Comparing the Results

Take a close look at the two different base maps, watersheds and stream networks obtained from different resources; they are very close yet not identical. The reason is that there are many factors that would affect the watersheds and stream network--DEM is just one of them. We believe that digitized stream networks such as RF1, RF3, or DLG provide more accurate representation for the real watersheds and stream networks. For a terrain analysis that does not require high accuracy, the basic delineation procedure should be good enough; however, for a more detailed analysis, this could cause some problems. In this case, we would suggest that you use burn_in DEM instead of the regular DEM. For more information about burn_in DEM and the procedure for more detailed analysis, please refer to Spatial Hydrology of the Urubamba River System in Peru Using Geographic Information Systems (GIS) by Francisco Olivera, Ph.D.

Watershed and Flow Paths

In this final section, you will be able to determine the delineation of the watershed from any location on a grid stream. In addition, you will also be able to determine the delineation of the flow path downstream of any point within the watershed. To carry out this task, first move guarf1.shp to the top of the theme list with guahuc.shp directly under it. Next, move flow direction under guahuc.shp. Finally, move the flow accumulation theme under the flow direction theme. Once you have done this, turn the checkmarks on for the guarf1.shp, guahuc.shp, and the flow accumulation themes. Now make the flow direction theme the active theme. At this point, you will be to do one of two things. To delineate the watershed at any point on the grid, click on the "W" icon in the top menu. After you do this, click on any point within the basin. ArcView will determine the outline the watershed in which this point resides. To view this watershed, turn on the checkmark next to the new watershed theme. Frequently, this watershed will be small compared to the basin, so you may have to turn off the checkmarks for guarf1.shp and guahuc.shp. Zoom in to make sure that you clicking right on the gridded stream. The watershed shown below is that draining into Canyon Lake.
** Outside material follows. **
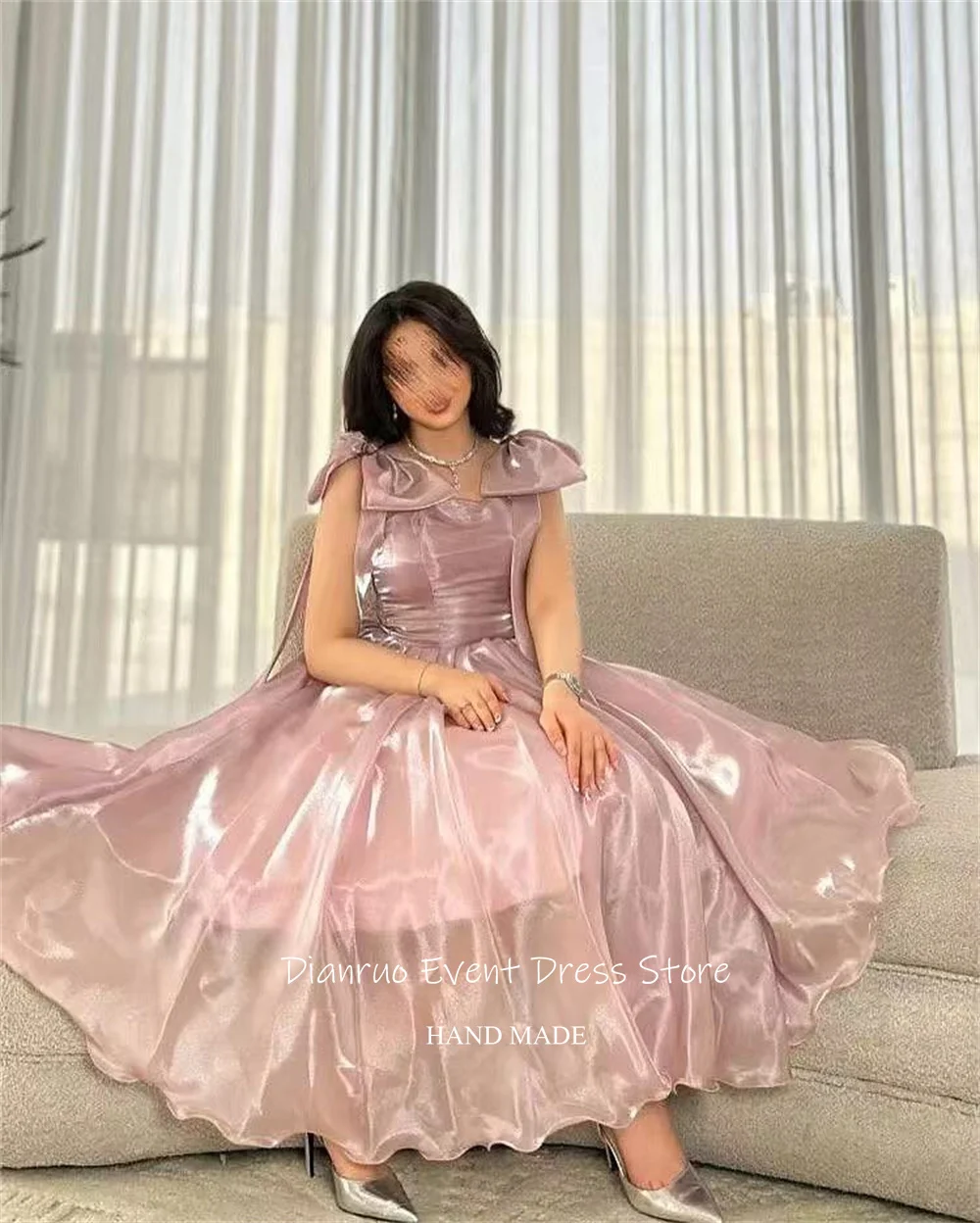 Dianruo الأورجانزا السباغيتي حزام فساتين لحضور الحفلات الموسيقية الوردي ألف خط القوس فساتين السهرة حمالة الطية أنيقة Abendkleider دبي مخصصة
After you have tested this feature, delete any watershed themes you have created using Edit/Delete Themes in the main menu. Make sure that you also turn the checkmarks back on for the guarf1 and guahuc themes and that the flow direction theme is active. Now select the "R" icon in top menu. Click on any point in the basin, and Arcview will delineate the flow path downstream from that point. An interesting thing to do after you have done this is to turn the checkmarks off all of the themes except for the flow directon theme. The flow path that is drawn on the flow direction grid may help read the flow direction theme more easily. The origin of each path is marked with a large dot as shown below.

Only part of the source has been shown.